Infrared vibrational spectra as a structural probe of gaseous ions formed by caffeine and theophylline

Ionic hydrogen bond (IHB) interactions, resulting from the association of ammonia and the two protonated methylxanthine derivatives, caffeine and theophylline, have been characterized using infrared multiphoton dissociation (IRMPD) spectroscopy and electronic structure calculations at the MP2/aug-cc-pVTZ//B3LYP/6-311+G(d,p) level of theory. The proton-bound dimer (PBD) of caffeine and ammonia exhibits a low binding energy and was found to be elusive under the experimental conditions due, most probably, to collision-induced dissociation of the complex with helium buffer gas before IRMPD irradiation. The IRMPD spectrum of a PBD of theophylline and ammonia was obtained and revealed bidentate IHB formation within the complex, which greatly increased the binding energy relative to the most stable isomer of the PBD of caffeine and ammonia. The IRMPD spectra of the protonated forms of caffeine and theophylline have also been obtained. The spectrum of protonated caffeine showed dominant protonation at the N(9) site, whereas the spectrum of protonated theophylline showed a mixture of two isomers.
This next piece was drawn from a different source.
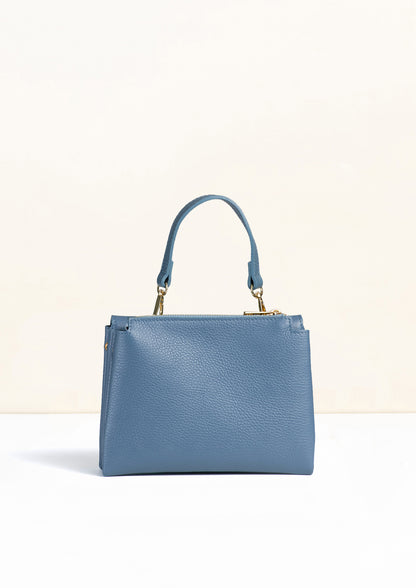 Sabrina Dusky Blue Crossbody Italian Leather Handbag from LA LUPA 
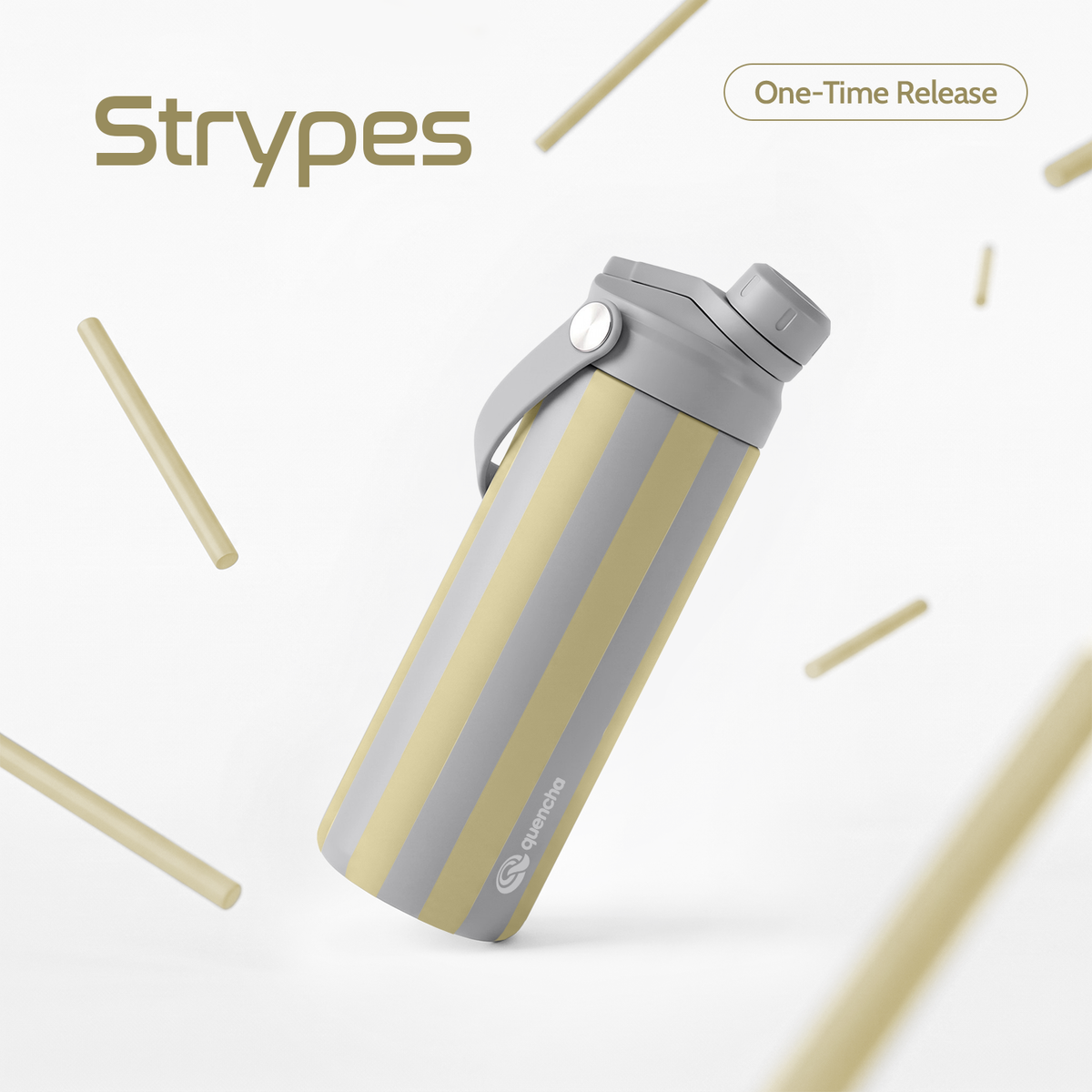 QUENCHA 18.5oz Strypes Limited Edition Vacuum Insulated Stainless Steel Drinking Water Bottle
The first protonated isomer of theophylline exhibits protonation at the N(9) site and the second isomer demonstrated protonation at the C(6) carbonyl oxygen. The protonated carbonyl isomer of theophylline cannot be produced as a result of direct protonation and is thus suggested to be a consequence of proton-transport catalysis (PTC) initiated by the electrostatic interaction between water and N(9) protonated theophylline. Calculated anharmonic spectra have been simulated at the B3LYP/6-311+G(d,p) level of theory. It is shown that calculated anharmonic frequencies significantly outperform calculated harmonic frequencies in providing simulated IRMPD spectra in all cases.